In conclusion, the VC-hearings coupled with physical hearings in District Courts are not only plausible but the need of the hour and by optimum utilisation of available human, technological and financial resources, the efficiency of justice delivery system can be magnanimously enhanced. The efficiency of VC-hearings can be raised by infrastructural development and technological awareness. VC-hearings can be eased by the division of facts, documents, and scheduling First Hearings in parts e.g.: Appearance, Miscellaneous, setting of issues. The VC-hearings will also further lead to paperless litigation. The High Courts can set our Rules with immediate effect which shall enable district courts for conducting VC trials. As regards privacy issues, recommendations can be made to NITI Aayog for framing regulations regarding VC-hearings,.
VC-hearings cannot be a substitute for physical hearings,as Section 273 of CrPC ensures all evidence recorded during the proceeding to be in the presence of the accused. Furthermore, various provisions such as the Right to Refresh Memory u/s. 159 of the Evidence Act shall be rendered redundant as the accused can cheat. This obligation is cast on the Magistrates and it would be impossible for the Magistrate to ensure the protection of rights of accused through virtual courtrooms. Similarly, rights u/s 316 of CrPC can be infringed as the accused can potentially be subjected to threats for inducing him to disclose/withhold any matter within his knowledge. Provisions u/s. 313, 437 and 438 will also be rendered infructuous if hearings solely via VC-hearings are compelled. Nonetheless, a system of installing VC-Booths with CCTV cameras, voice tapings and secret e-ballot can be deemed as a solution to all these apprehended problems.

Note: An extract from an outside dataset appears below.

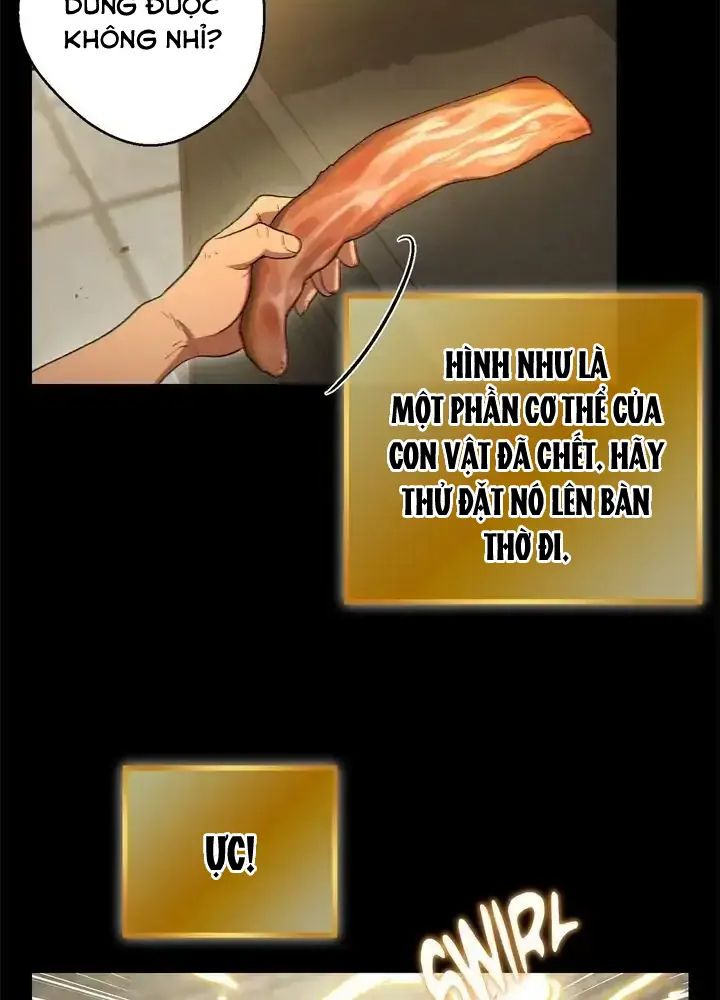Dungeon Reset - Chương 28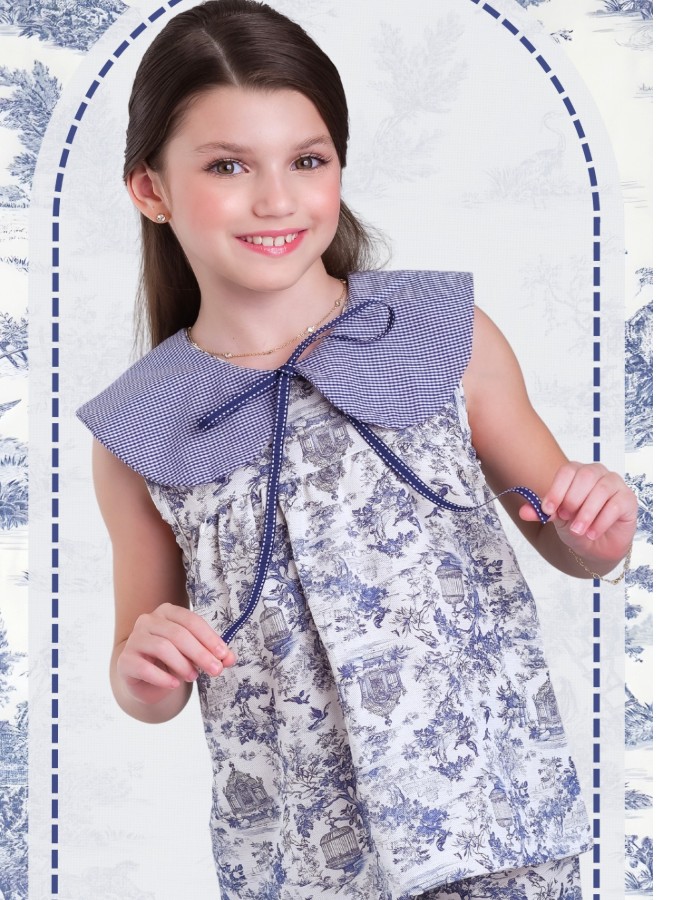 Produto cack-24337 0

The practices followed by the Hon’ble Supreme Court and High Courts are drastically different than the ones followed by subordinate courts. The advocate has to time and again seek instructions from his/her client which can be a cumbersome process through online medium. Moreover, the oaths and testimonies of witnesses take place in the form of Affidavits under High Courts and Apex Court, unlike the lower courts. Thus, the swearing of witnesses and ensuring the protection of their rights is a huge hurdle.
Furthermore, cases involving dissipation of confidential or sensitive information should not be heard through VC until laws governing privacy rights are developed. The presence of accused witnesses, vulnerable witnesses with their legal counsels and Magistrate is thus, an inseparable aspect of a free and fair trial. On the flip side, for instances previously mentioned, matters of certain nature and also of particular prescribed stages can be conducted through VC-hearings. Lastly, the parties to the dispute may be asked to provide their consent on each stage of the case after educating them regarding the pros and cons of the virtual proceeding. Funding of Rupees 9 Crores seems sufficient to build the technological infrastructure necessary and to defeat evils withholding the smooth functioning of virtual district courts. As the UN-Lockdownbegins, a golden aeon of judicial reforms awaits India for Justice should not only be done, but it should be seen to have been done.